「「ボレロ」は、ポピュラー音楽繁栄のきっかけになった。」ボレロ 永遠の旋律 詠み人知らずさんの映画レビュー(感想・評価)
「ボレロ」は、ポピュラー音楽繁栄のきっかけになった。
モーリス・ラヴェルが作曲し誰もが耳にしたことのある名曲「ボレロ」が、どのようにできたのか解き明かす作品。
「レ・ザネ・フォル(狂乱の時代)」と呼ばれるパリが世界文化の中心であった1928年。

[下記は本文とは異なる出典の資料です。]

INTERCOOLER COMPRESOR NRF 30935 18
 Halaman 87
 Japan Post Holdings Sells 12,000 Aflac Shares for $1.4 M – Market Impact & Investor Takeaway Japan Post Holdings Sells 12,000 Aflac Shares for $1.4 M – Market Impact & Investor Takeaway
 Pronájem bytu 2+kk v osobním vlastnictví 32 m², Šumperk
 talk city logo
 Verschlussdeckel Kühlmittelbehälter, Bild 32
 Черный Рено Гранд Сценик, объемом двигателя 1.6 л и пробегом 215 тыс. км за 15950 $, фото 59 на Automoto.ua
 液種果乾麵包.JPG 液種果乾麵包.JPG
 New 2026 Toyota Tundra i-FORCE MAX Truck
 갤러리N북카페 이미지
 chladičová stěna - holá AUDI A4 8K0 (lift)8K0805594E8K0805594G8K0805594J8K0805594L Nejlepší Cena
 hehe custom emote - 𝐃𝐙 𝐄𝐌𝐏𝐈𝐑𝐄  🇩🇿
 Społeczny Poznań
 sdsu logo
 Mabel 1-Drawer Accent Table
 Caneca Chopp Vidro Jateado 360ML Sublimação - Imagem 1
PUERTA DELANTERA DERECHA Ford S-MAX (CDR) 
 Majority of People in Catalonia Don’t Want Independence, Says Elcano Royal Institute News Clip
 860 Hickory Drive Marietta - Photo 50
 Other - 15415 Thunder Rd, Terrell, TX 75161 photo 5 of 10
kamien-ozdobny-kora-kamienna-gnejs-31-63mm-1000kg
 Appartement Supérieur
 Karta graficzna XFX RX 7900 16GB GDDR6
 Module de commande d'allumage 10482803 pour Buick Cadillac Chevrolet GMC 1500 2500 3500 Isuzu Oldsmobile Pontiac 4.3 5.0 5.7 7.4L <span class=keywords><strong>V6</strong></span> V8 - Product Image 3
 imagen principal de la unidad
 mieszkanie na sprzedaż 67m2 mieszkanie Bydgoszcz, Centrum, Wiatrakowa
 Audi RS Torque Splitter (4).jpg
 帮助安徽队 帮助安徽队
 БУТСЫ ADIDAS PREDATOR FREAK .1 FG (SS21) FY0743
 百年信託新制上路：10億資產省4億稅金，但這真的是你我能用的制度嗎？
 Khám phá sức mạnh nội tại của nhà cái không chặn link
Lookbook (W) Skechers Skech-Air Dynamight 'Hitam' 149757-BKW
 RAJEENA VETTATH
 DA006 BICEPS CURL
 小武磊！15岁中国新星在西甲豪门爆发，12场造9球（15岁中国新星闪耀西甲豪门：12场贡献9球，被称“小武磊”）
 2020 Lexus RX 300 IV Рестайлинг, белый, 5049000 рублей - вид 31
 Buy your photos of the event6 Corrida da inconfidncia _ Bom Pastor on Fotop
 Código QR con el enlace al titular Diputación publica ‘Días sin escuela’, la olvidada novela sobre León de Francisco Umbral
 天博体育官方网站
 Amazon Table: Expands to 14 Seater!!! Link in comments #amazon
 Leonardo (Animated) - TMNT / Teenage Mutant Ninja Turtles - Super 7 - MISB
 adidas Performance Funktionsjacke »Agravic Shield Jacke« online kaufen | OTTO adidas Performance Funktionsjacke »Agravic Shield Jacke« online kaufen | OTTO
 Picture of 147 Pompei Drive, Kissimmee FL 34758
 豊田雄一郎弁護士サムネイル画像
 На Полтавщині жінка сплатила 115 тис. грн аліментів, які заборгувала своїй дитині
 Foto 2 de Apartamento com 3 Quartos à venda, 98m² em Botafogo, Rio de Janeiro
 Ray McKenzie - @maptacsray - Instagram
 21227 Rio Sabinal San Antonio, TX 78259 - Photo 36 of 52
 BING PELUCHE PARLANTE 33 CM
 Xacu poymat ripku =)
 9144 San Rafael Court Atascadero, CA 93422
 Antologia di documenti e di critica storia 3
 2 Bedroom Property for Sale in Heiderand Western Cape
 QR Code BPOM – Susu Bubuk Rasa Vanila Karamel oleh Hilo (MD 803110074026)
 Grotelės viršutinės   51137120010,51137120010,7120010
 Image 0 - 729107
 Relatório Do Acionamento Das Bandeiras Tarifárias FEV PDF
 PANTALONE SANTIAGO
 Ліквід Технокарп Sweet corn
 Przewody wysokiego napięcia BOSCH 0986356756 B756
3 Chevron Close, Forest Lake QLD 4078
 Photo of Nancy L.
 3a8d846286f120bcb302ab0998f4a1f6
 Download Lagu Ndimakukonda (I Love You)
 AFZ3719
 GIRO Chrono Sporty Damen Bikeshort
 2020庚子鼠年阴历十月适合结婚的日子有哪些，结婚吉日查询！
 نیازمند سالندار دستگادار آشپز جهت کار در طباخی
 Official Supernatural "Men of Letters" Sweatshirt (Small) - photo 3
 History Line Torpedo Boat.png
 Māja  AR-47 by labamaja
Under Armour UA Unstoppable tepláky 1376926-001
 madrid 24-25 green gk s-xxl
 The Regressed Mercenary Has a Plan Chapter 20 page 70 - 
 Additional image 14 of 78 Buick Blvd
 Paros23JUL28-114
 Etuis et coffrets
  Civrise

ボレロと言えば、スネアドラム(小太鼓)によって全編を貫くリズムと、繰り返し出てくる二つのメロディーが注目されるが、一番最初、ppで小太鼓のリズムを強調するようにでてくるのが、ビオラとチェロによる3拍子のスタッカート。これには、自然界の音の影響がある。雨粒の音、風を切る音など、映画で出てくる音が、だんだん、あの最初のスタッカートに近づいてゆくように感じられた。
小太鼓のリズムには、その2年前にヨーロッパで流行った「ヴァレンシア」を家政婦のルヴロ夫人と二人で歌った映画の場面がそのまま反映する。ラヴェルは、やがて指先で、あのリズムを刻むようになる。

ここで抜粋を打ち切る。